**About this exercise**
Could you write out every record below exactly, leaving out any pictures?

**Data for this task**
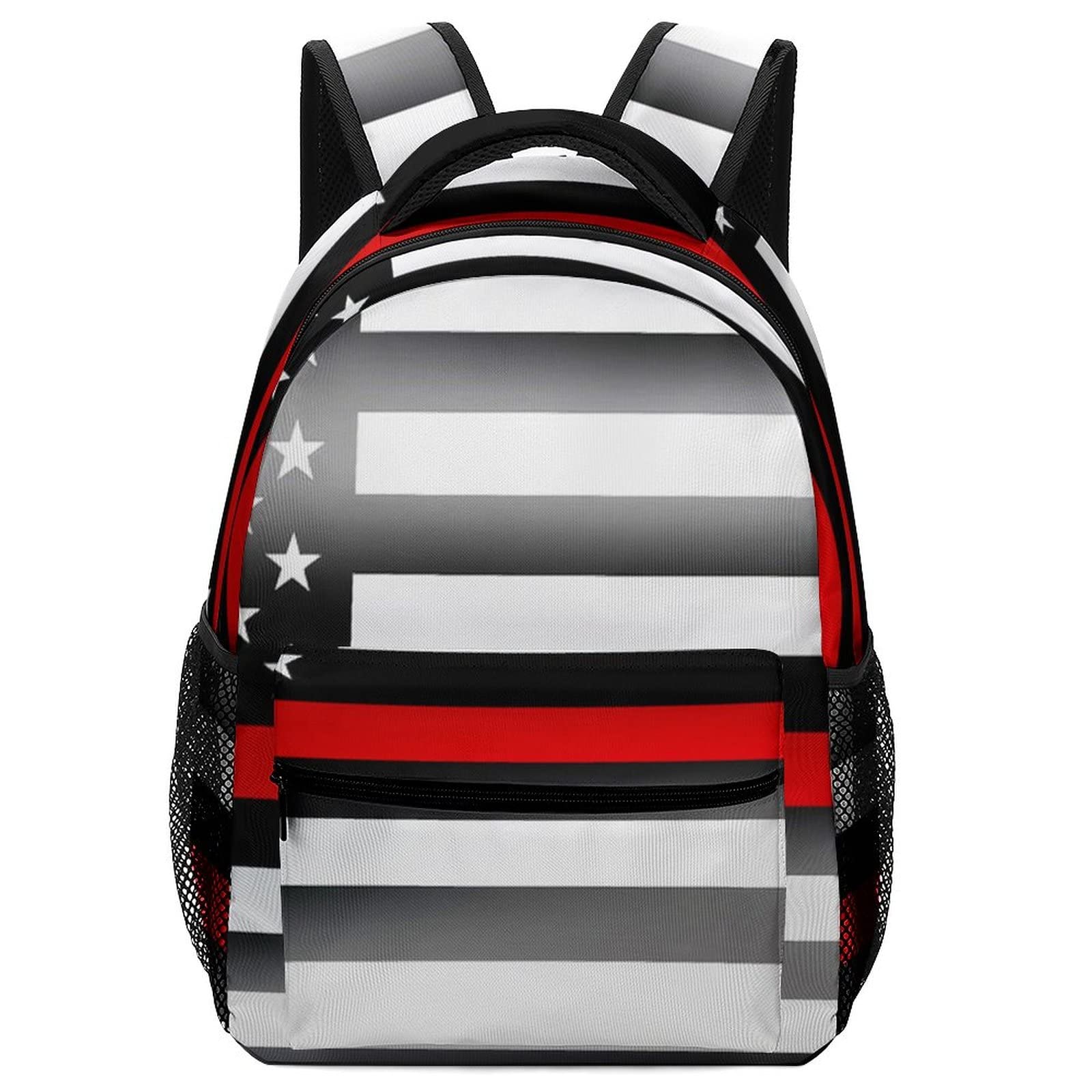Adjustable School Backpack for Men & Women - High School & College Bookbag with Chest Buckle | Thin Red Line Flag Design | Laptop Compatible for Travel, Work & Picnic | Durable & Stylish Backpack for Students & Professionals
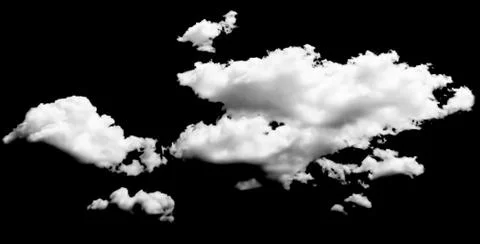 White cloud isolated over black Stock Photos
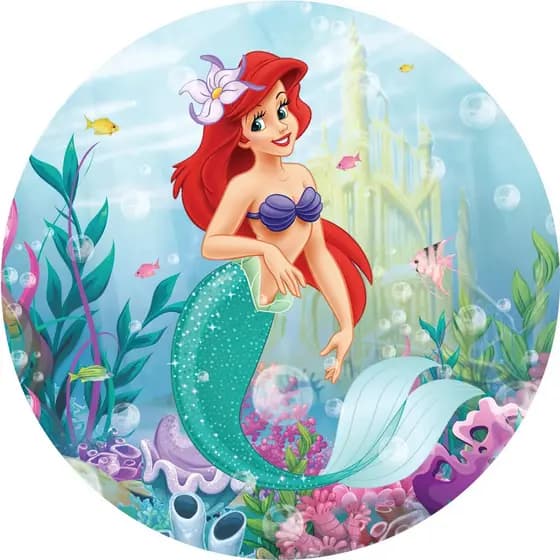 Capa Mini Painel 50x50 Redondo De Festa Princesa Sereia Veste Fácil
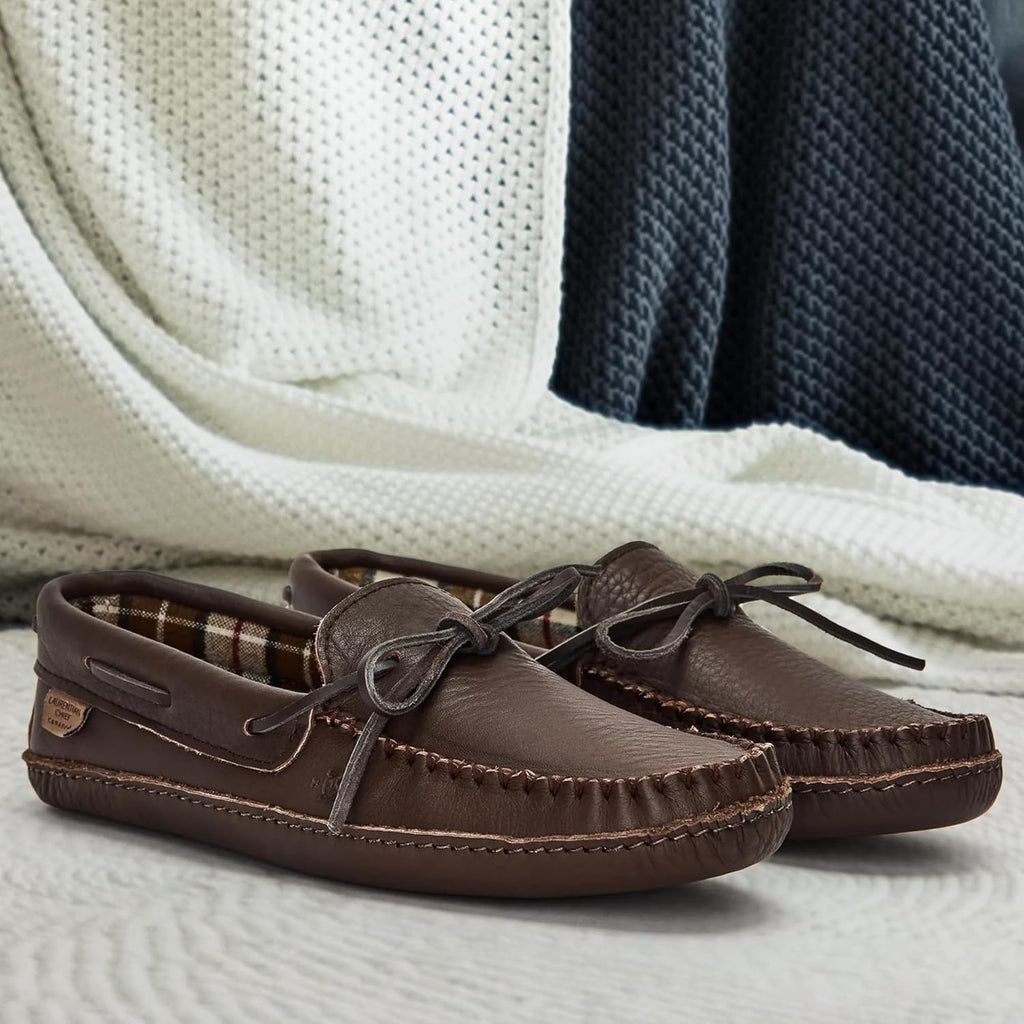 Laurentian Chief Leather Moccasins for Men – Stylish Mens Moccasin Slippers with Plaid Insole Lining, Comfortable Indoor Shoes, Single Lacing, Durable Leather Sole, Made in Canada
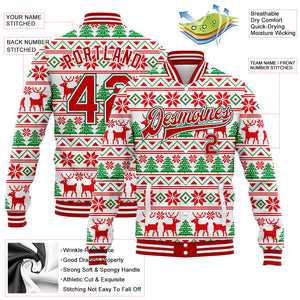 Custom White Red-Kelly Green Christmas 3D Bomber Full-Snap Varsity Letterman Jacket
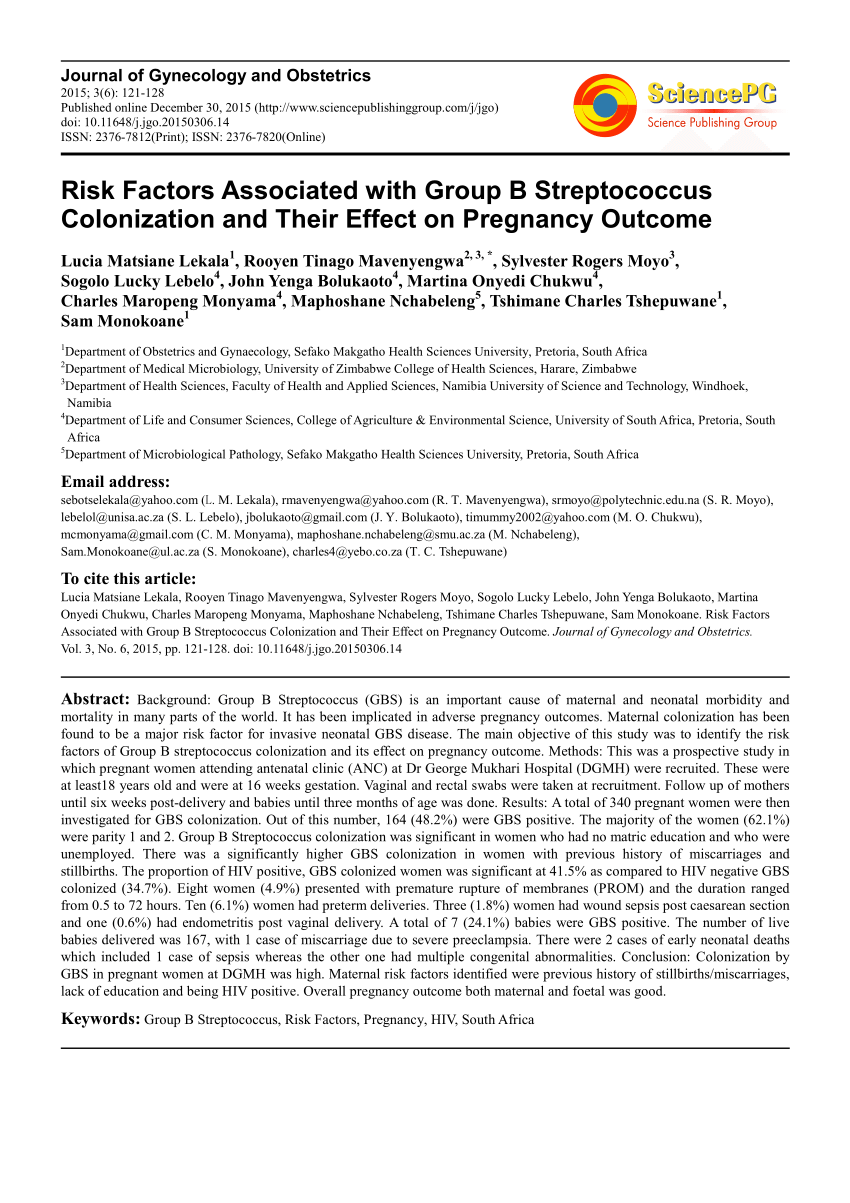 Pdf Risk Factors Associated With Group B Streptococcus Colonization And Their Effect On Pregnancy Outcome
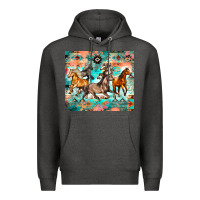 Charcoal Heather western running horses Premium Hoodie - Zillion Design Studio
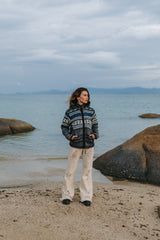 Wool Jacket - Aztec Pattern - Grey/Teal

**Exercise output**
Adjustable School Backpack for Men & Women - High School & College Bookbag with Chest Buckle | Thin Red Line Flag Design | Laptop Compatible for Travel, Work & Picnic | Durable & Stylish Backpack for Students & Professionals
 White cloud isolated over black Stock Photos
 Capa Mini Painel 50x50 Redondo De Festa Princesa Sereia Veste Fácil
 Laurentian Chief Leather Moccasins for Men – Stylish Mens Moccasin Slippers with Plaid Insole Lining, Comfortable Indoor Shoes, Single Lacing, Durable Leather Sole, Made in Canada
 Custom White Red-Kelly Green Christmas 3D Bomber Full-Snap Varsity Letterman Jacket
 Pdf Risk Factors Associated With Group B Streptococcus Colonization And Their Effect On Pregnancy Outcome
 Charcoal Heather western running horses Premium Hoodie - Zillion Design Studio
 Wool Jacket - Aztec Pattern - Grey/Teal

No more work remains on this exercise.